Table of Contents
Fetching ...

PseudoTouch: Efficiently Imaging the Surface Feel of Objects for Robotic Manipulation

Adrian Röfer, Nick Heppert, Abdallah Ayad, Eugenio Chisari, Abhinav Valada

TL;DR

This work introduces PseudoTouch, a light-weight framework that infers tactile readings from small depth patches to create a high-signal visual-tactile embedding. The approach maps depth inputs $z_d \in \mathbb{R}^{17\times17}$ to tactile outputs $\tilde{\tau} \in \mathbb{R}^{15}$ using a compact neural network, trained on data from eight primitive shapes and extended to everyday objects. It validates the utility of the embedding on object recognition (achieving $84\%$ accuracy after ten touches on everyday items) and grasp stability prediction, where tactile-derived predictions substantially outperform baselines relying on partial point clouds, including in sim2real settings. The paper also demonstrates data-efficient training via simulated depth patches and releases data, code, and models to facilitate adoption in robotics research and applications.

Abstract

Tactile sensing is vital for human dexterous manipulation, however, it has not been widely used in robotics. Compact, low-cost sensing platforms can facilitate a change, but unlike their popular optical counterparts, they are difficult to deploy in high-fidelity tasks due to their low signal dimensionality and lack of a simulation model. To overcome these challenges, we introduce PseudoTouch which links high-dimensional structural information to low-dimensional sensor signals. It does so by learning a low-dimensional visual-tactile embedding, wherein we encode a depth patch from which we decode the tactile signal. We collect and train PseudoTouch on a dataset comprising aligned tactile and visual data pairs obtained through random touching of eight basic geometric shapes. We demonstrate the utility of our trained PseudoTouch model in two downstream tasks: object recognition and grasp stability prediction. In the object recognition task, we evaluate the learned embedding's performance on a set of five basic geometric shapes and five household objects. Using PseudoTouch, we achieve an object recognition accuracy 84% after just ten touches, surpassing a proprioception baseline. For the grasp stability task, we use ACRONYM labels to train and evaluate a grasp success predictor using PseudoTouch's predictions derived from virtual depth information. Our approach yields a 32% absolute improvement in accuracy compared to the baseline relying on partial point cloud data. We make the data, code, and trained models publicly available at https://pseudotouch.cs.uni-freiburg.de.

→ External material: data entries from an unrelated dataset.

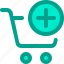 buy, cart, plus, shopping, trolley 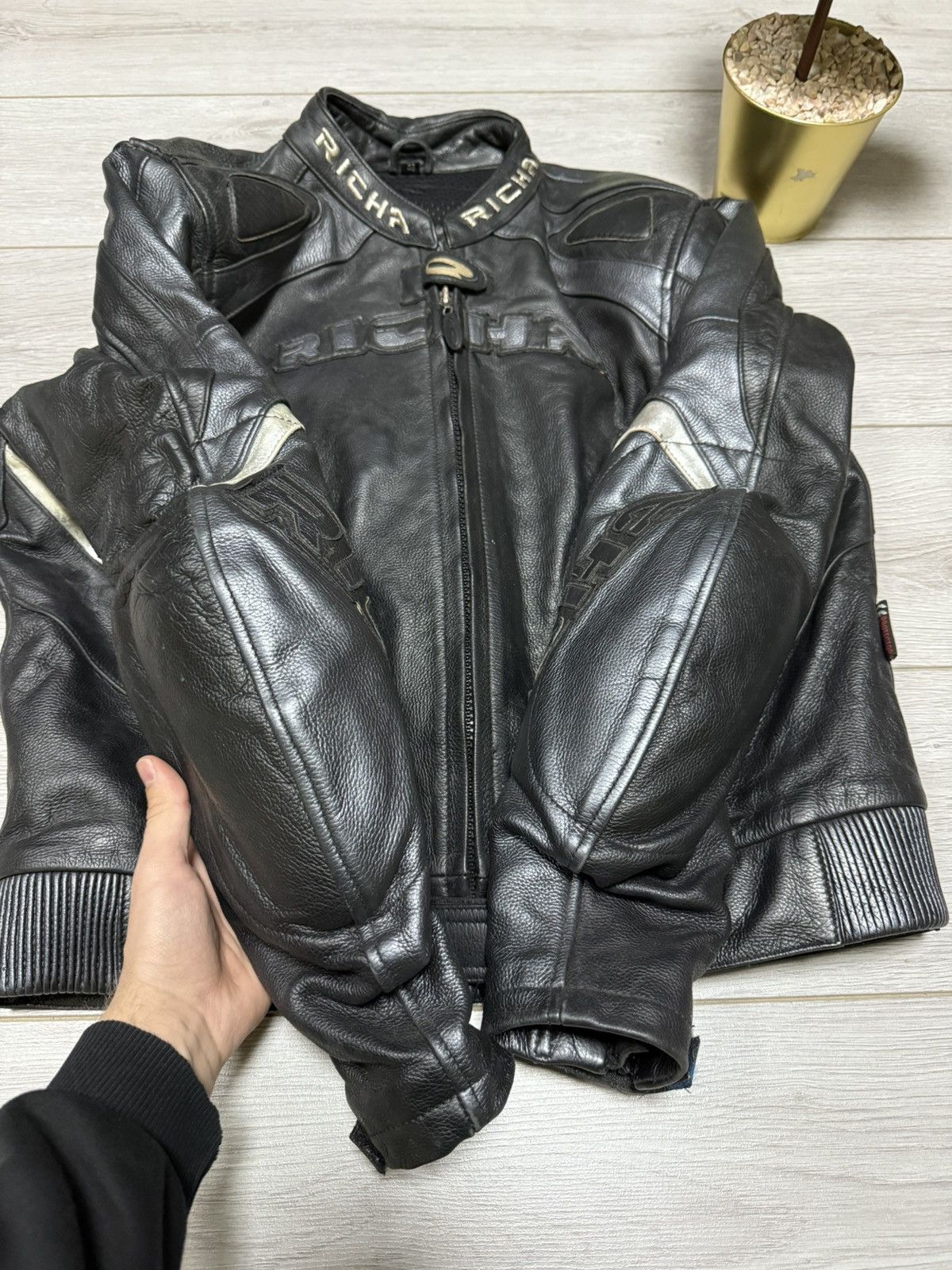 Other Richa leather protection leather jacket zip Size US M / EU 48-50 / 2 - 10 Thumbnail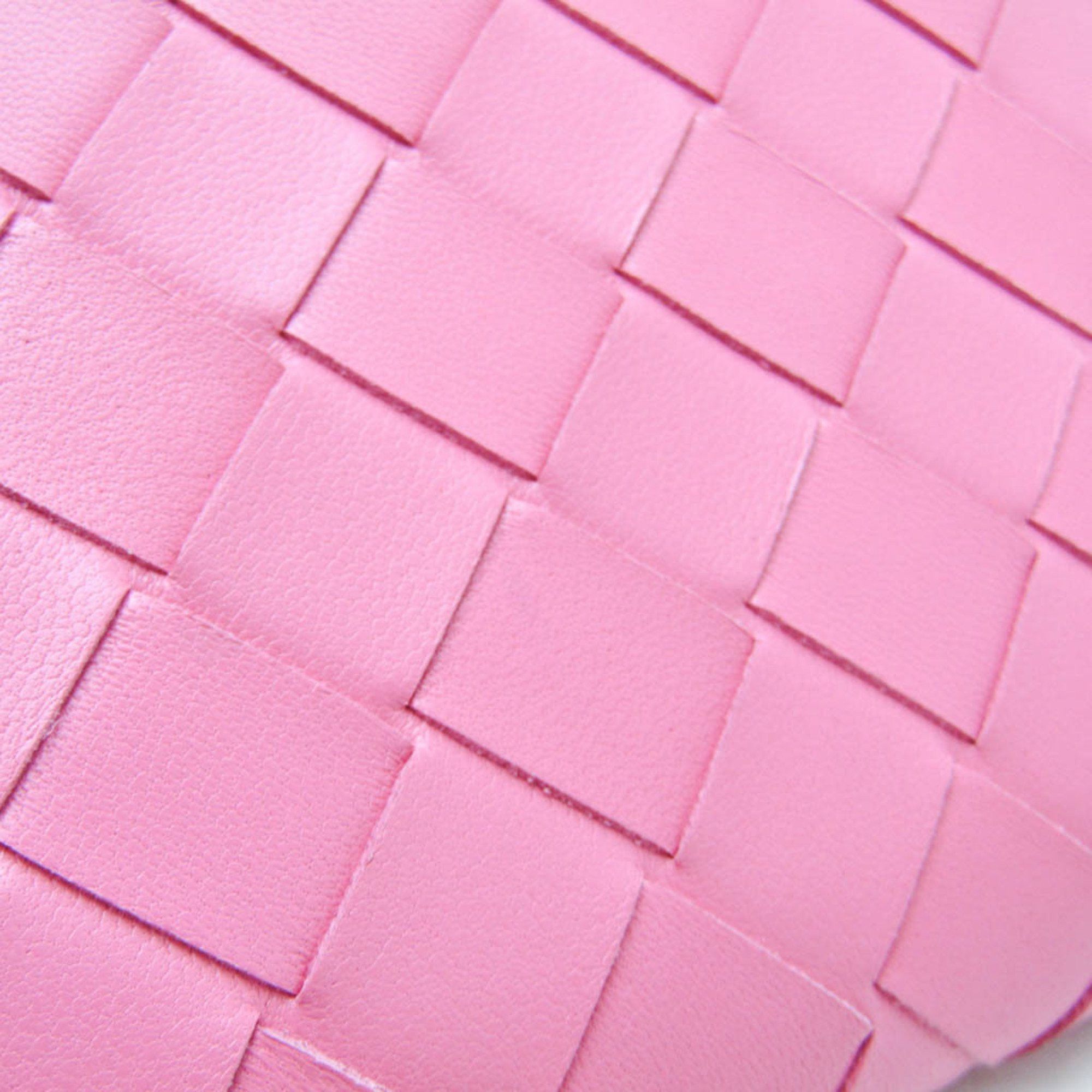 Bottega Veneta Zip Around Wallet Pink Leather Wallet (Pre-Owned) Size ONE SIZE - 13 Thumbnail
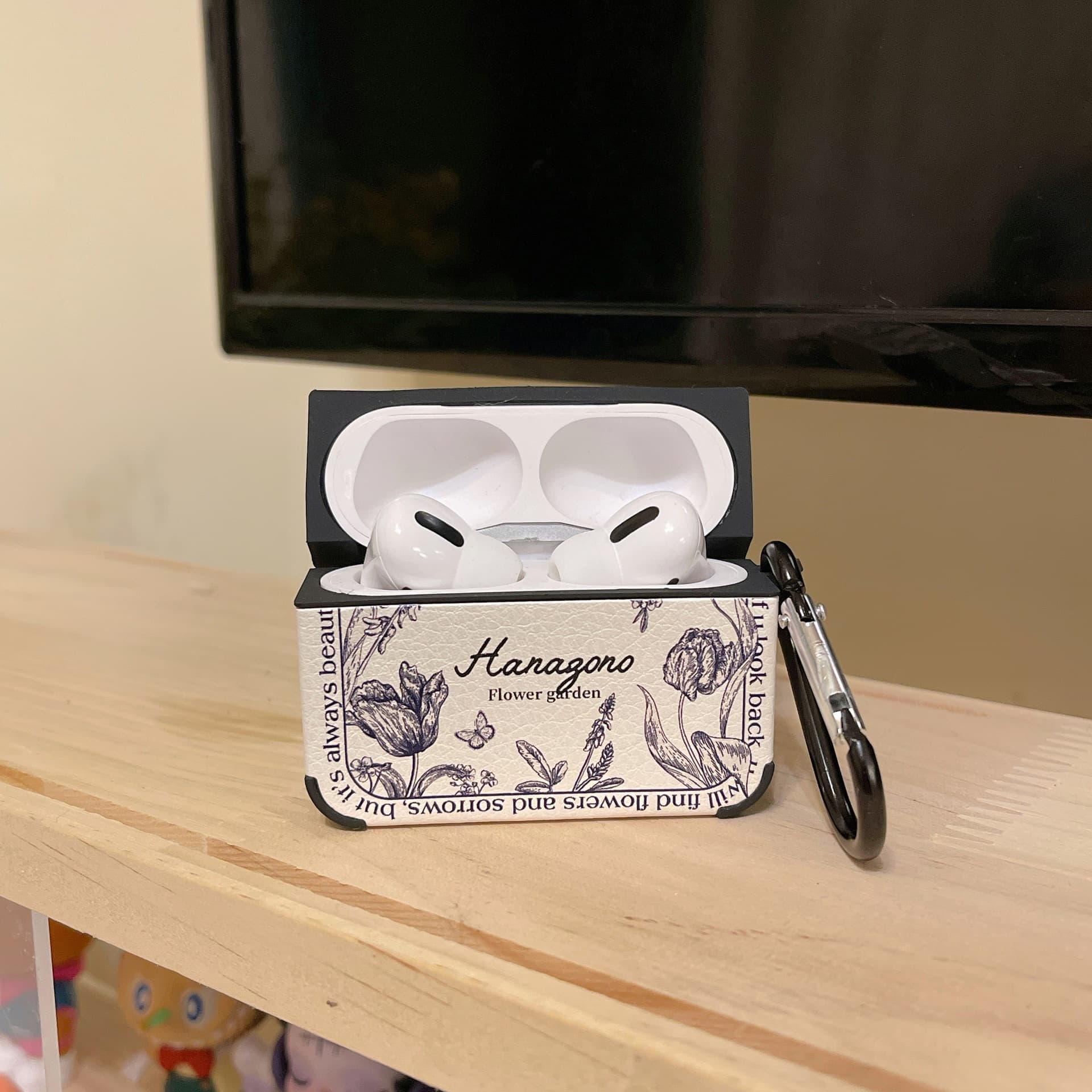 Airpodsケース 花園デザイン アクセサリーケース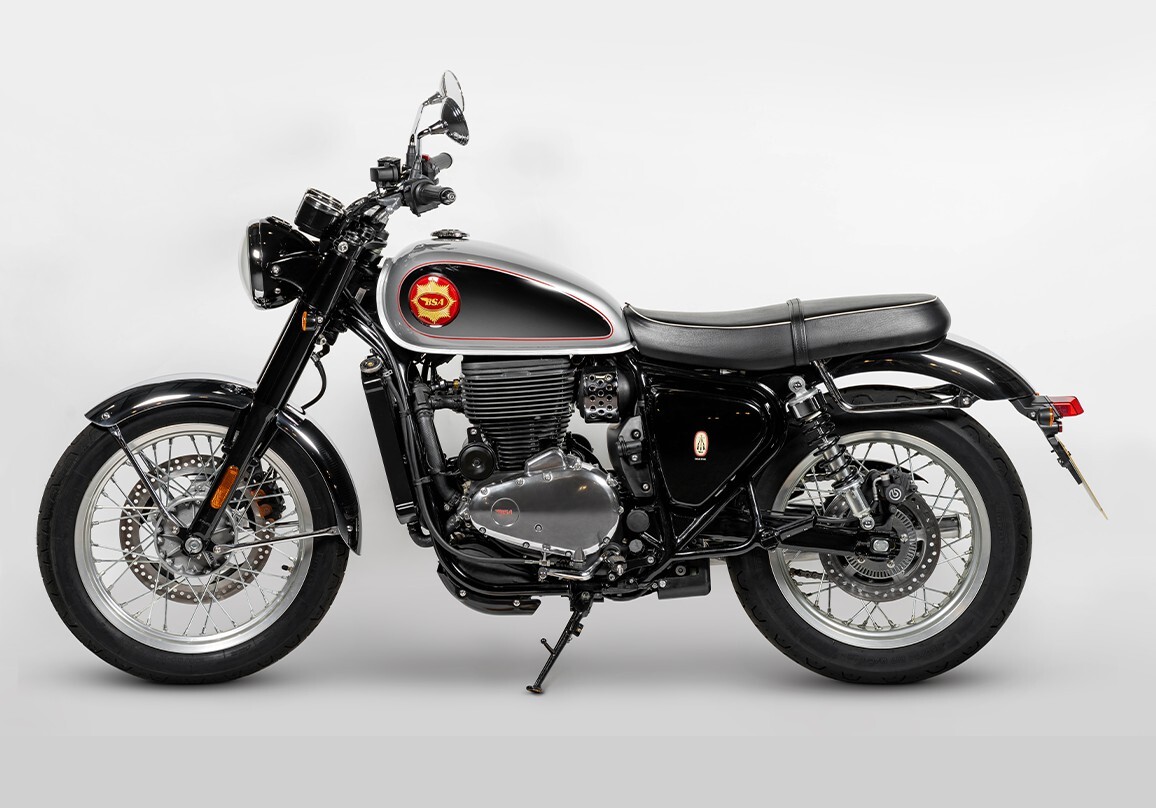 The 2022 BSA Gold Star 650's Dawn Silver color will probably be a very popular choice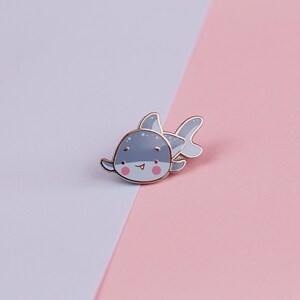 Kawaii Baby Shark Enamel Pins Cute Baby Shark Pin Kawaii Pins Katnipp Baby Shark Enamel Pins image 5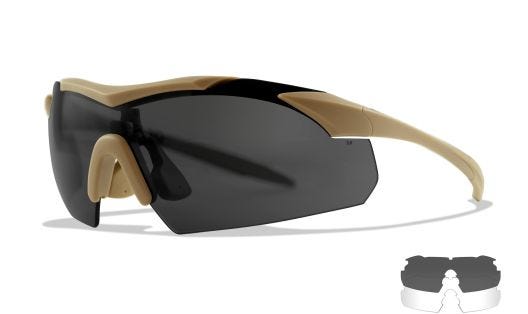 WX VAPOR 2.5, Shields: Grey/Clear, Frame: Matte Tan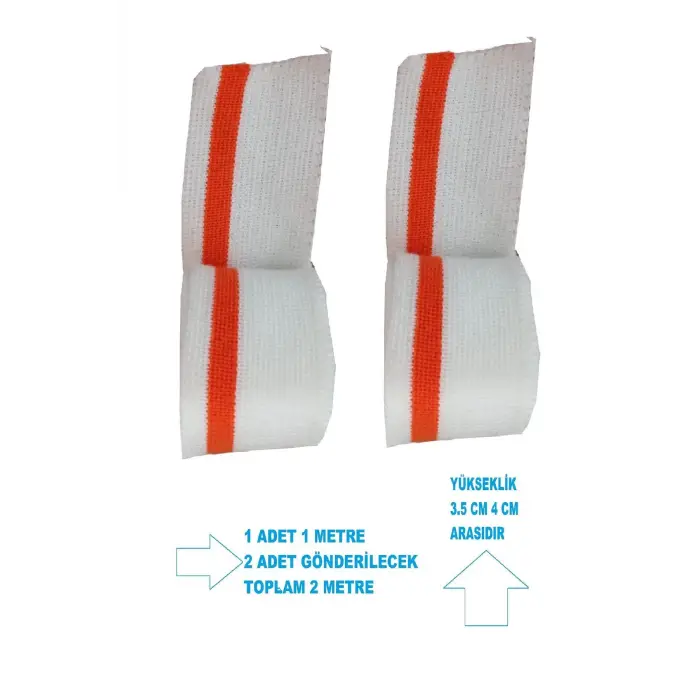 Ribana Kumaş (TRİKO DOKUMA) Çizgili hobi Tasarım Malzemesi Ribana Uzun Şerit Bant (2 ADET)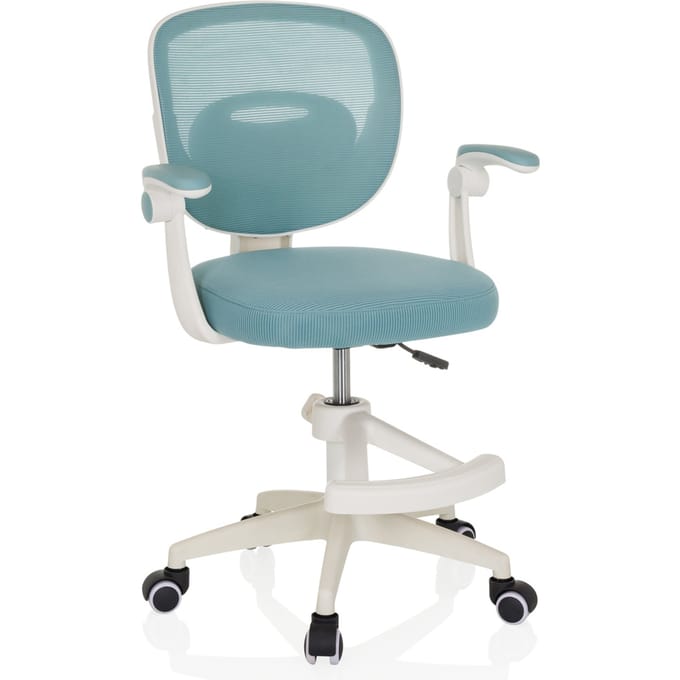 Kinderbureaustoel / kinderstoel KIDDY SMART stof aqua hjh OFFICE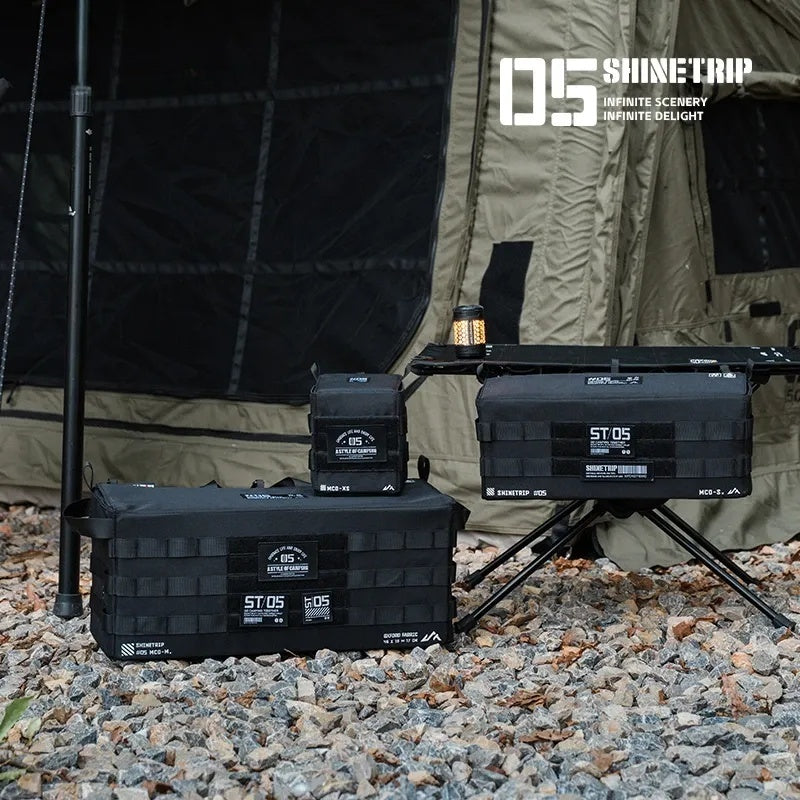 モジュラー式アウトドアキャンプ用タクティカル収納バッグ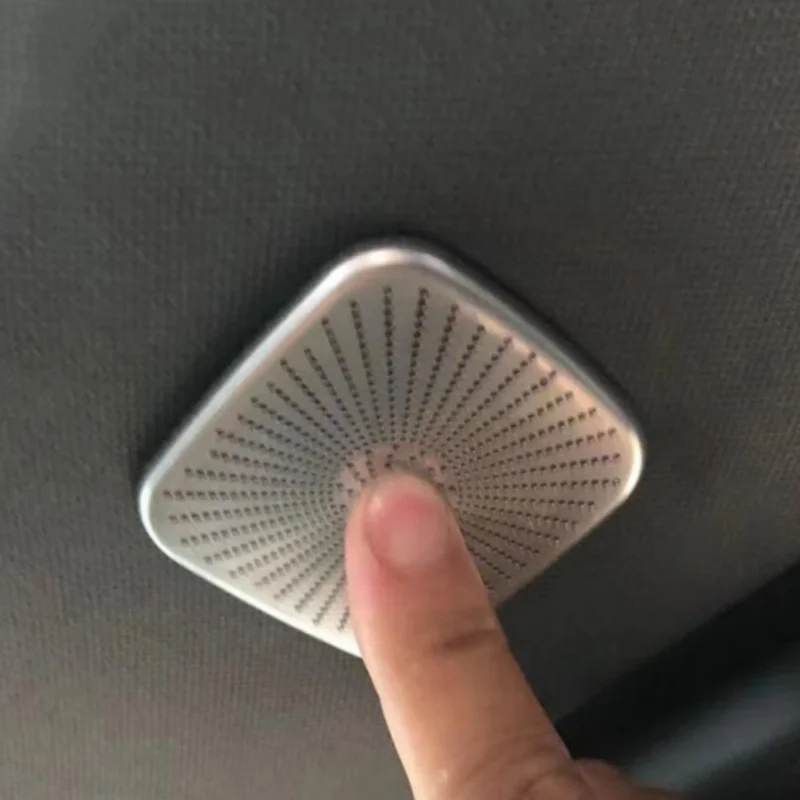 

Silver / Black Roof Speakers Horn Cover Trim For Toyota Sienna 2021 - 2023 Modified Accessory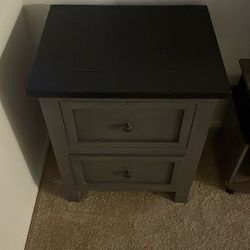 Gray Side Drawer 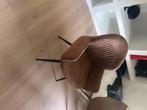Stoelen te koop, Overige materialen, Gebruikt, Bruin, Ophalen of Verzenden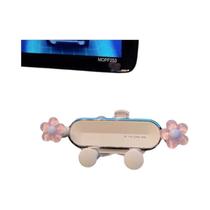 Suporte Universal De Celular Para Carro Com Flor De Cristal E Fixação Por Gravidade, Ajustável Para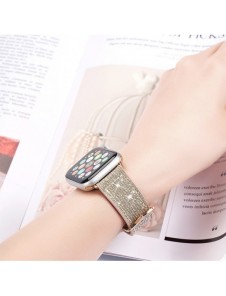 Dux Ducis Strap Watch 7 Band 7/6/5/4/3/2 / SE (45/44 / 42mm) Armband Armband Armband Grön (Sparkle Version)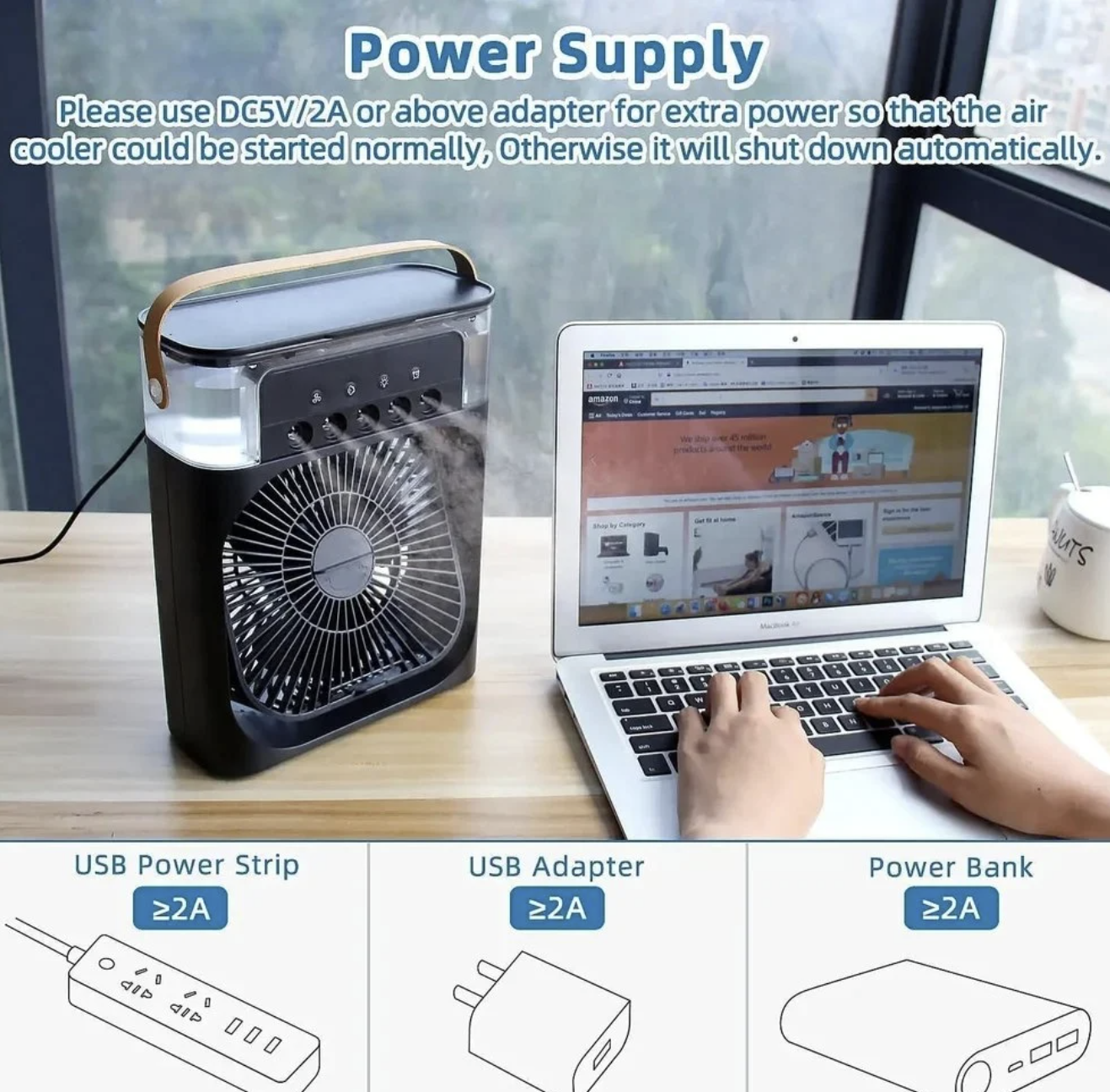 Plastic mini air cooler Fan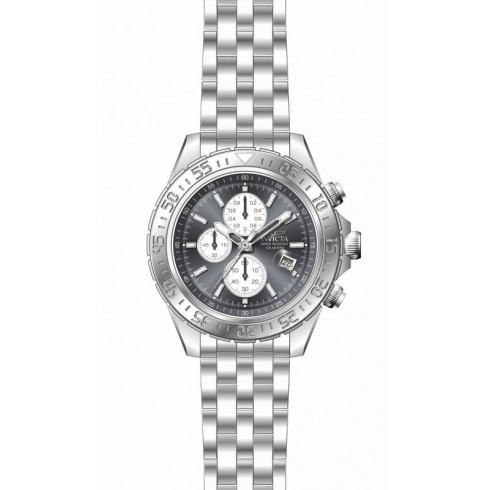 Invicta Aviator Chronograph Charcoal Dial Stainless Steel Men's Watch 18850 watches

PseudoTouch: Efficiently Imaging the Surface Feel of Objects for Robotic Manipulation

TL;DR

This work introduces PseudoTouch, a light-weight framework that infers tactile readings from small depth patches to create a high-signal visual-tactile embedding. The approach maps depth inputs to tactile outputs using a compact neural network, trained on data from eight primitive shapes and extended to everyday objects. It validates the utility of the embedding on object recognition (achieving accuracy after ten touches on everyday items) and grasp stability prediction, where tactile-derived predictions substantially outperform baselines relying on partial point clouds, including in sim2real settings. The paper also demonstrates data-efficient training via simulated depth patches and releases data, code, and models to facilitate adoption in robotics research and applications.

Abstract

Tactile sensing is vital for human dexterous manipulation, however, it has not been widely used in robotics. Compact, low-cost sensing platforms can facilitate a change, but unlike their popular optical counterparts, they are difficult to deploy in high-fidelity tasks due to their low signal dimensionality and lack of a simulation model. To overcome these challenges, we introduce PseudoTouch which links high-dimensional structural information to low-dimensional sensor signals. It does so by learning a low-dimensional visual-tactile embedding, wherein we encode a depth patch from which we decode the tactile signal. We collect and train PseudoTouch on a dataset comprising aligned tactile and visual data pairs obtained through random touching of eight basic geometric shapes. We demonstrate the utility of our trained PseudoTouch model in two downstream tasks: object recognition and grasp stability prediction. In the object recognition task, we evaluate the learned embedding's performance on a set of five basic geometric shapes and five household objects. Using PseudoTouch, we achieve an object recognition accuracy 84% after just ten touches, surpassing a proprioception baseline. For the grasp stability task, we use ACRONYM labels to train and evaluate a grasp success predictor using PseudoTouch's predictions derived from virtual depth information. Our approach yields a 32% absolute improvement in accuracy compared to the baseline relying on partial point cloud data. We make the data, code, and trained models publicly available at https://pseudotouch.cs.uni-freiburg.de.
Paper Structure (15 sections, 7 equations, 5 figures, 2 tables)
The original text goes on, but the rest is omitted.